Log field	Description
__topic__	The topic of the log. The value is fixed as waf_access_log.
account_action	The action that is performed on the client request after an account security rule is triggered. The value is fixed as block, which indicates that the request is blocked. For more information, see Description of the action field.
account_rule_id	The ID of the account security rule that is triggered.
account_test	The protection mode that is used for the client request after an account security rule is triggered. Valid values: true: indicates the observation mode. In this mode, logs are recorded. However, protection actions, such as block, are not performed. false: indicates the prevention mode. In this mode, WAF performs protection actions, such as block, on the request that matches the protection rule.

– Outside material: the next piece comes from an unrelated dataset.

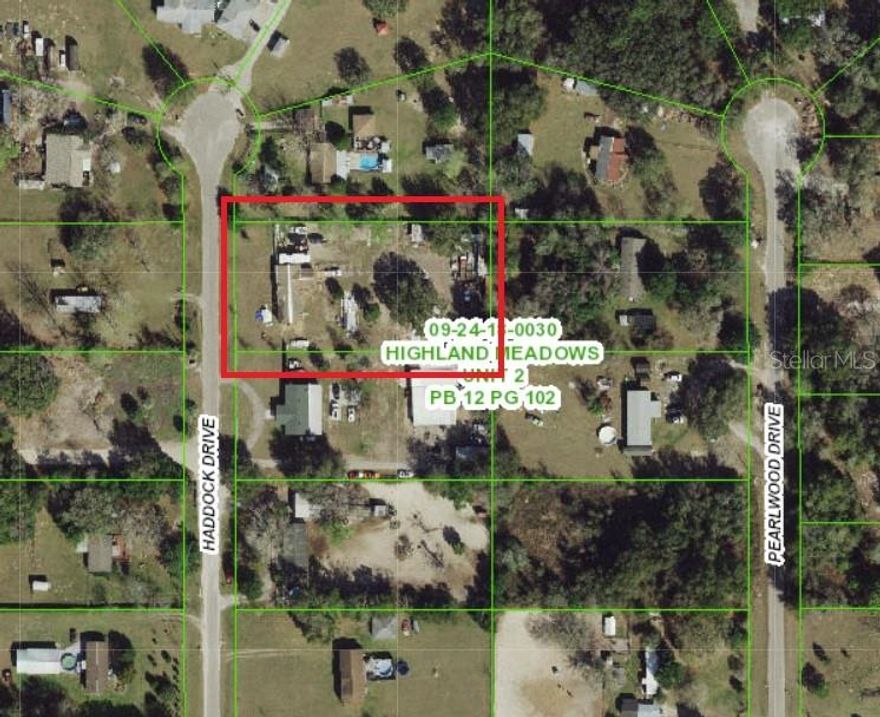 One-acre lot on a paved road, not in a flood zone. Zoned agricultural — bring the horses and animals. Property measures 150 feet wide by 300 feet deep. A mobile home on-site is being removed. No HOA or deed restrictions. Convenient Spring Hill location close to shopping, dining, and main roads. Zoned for horses or up to 3 hooved animals.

acl_action	The action that is performed on the client request after a rule created for the blacklist or custom protection policy (ACL) feature is triggered. Valid values: block, captcha_strict, captcha, js, captcha_strict_pass, captcha_pass, and js_pass. For more information, see Description of the action field.
acl_rule_id	The ID of the rule that is triggered. The rule is created for the blacklist or ACL feature.
acl_rule_type	The type of the rule that is triggered. The rule is created for the blacklist or ACL feature. Valid values: custom: indicates a rule that is created for the ACL feature. blacklist: indicates a rule that is created for the blacklist feature.
acl_test	The protection mode that is used for the client request after a rule created for the blacklist or ACL feature is triggered. Valid values: true: indicates the observation mode. In this mode, logs are recorded. However, protection actions, such as block, are not performed. false: indicates the prevention mode. In this mode, WAF performs protection actions, such as block, on the request that matches the protection rule.
algorithm_rule_id	The ID of the rule that is triggered. The rule is created for the typical bot behavior identification feature.
antiscan_action	The action that is performed on the client request after a rule created for the scan protection feature is triggered. The value is fixed as block, which indicates that the request is blocked. For more information, see Description of the action field.
antiscan_rule_id	The ID of the rule that is triggered. The rule is created for the scan protection feature.
antiscan_rule_type	The type of the rule that is triggered. The rule is created for the scan protection feature. Valid values: highfreq: indicates a rule that blocks IP addresses from which web attacks are frequently initiated. dirscan: indicates a rule that defends against path traversals. scantools: indicates a rule that blocks the IP addresses of scanning tools. collaborative: indicates a collaborative defense rule.
antiscan_test	The protection mode that is used for the client request after a rule created for the scan protection feature is triggered. Valid values: true: indicates the observation mode. In this mode, logs are recorded. However, protection actions, such as block, are not performed. false: indicates the prevention mode. In this mode, WAF performs protection actions, such as block, on the request that matches the protection rule.
block_action	The WAF protection feature that is triggered to block the request. Valid values: Important This field is no longer valid due to WAF upgrades. The final_plugin field replaces this field. If the block_action field is used in your services, replace the field with final_plugin at the earliest opportunity. tmd: indicates the HTTP flood protection feature. waf: indicates the web attack protection feature. acl: indicates the custom protection policy feature. deeplearning: indicates the Deep Learning Engine. antiscan: indicates the scan protection feature. antifraud: indicates the data risk control feature. antibot: indicates the bot management feature.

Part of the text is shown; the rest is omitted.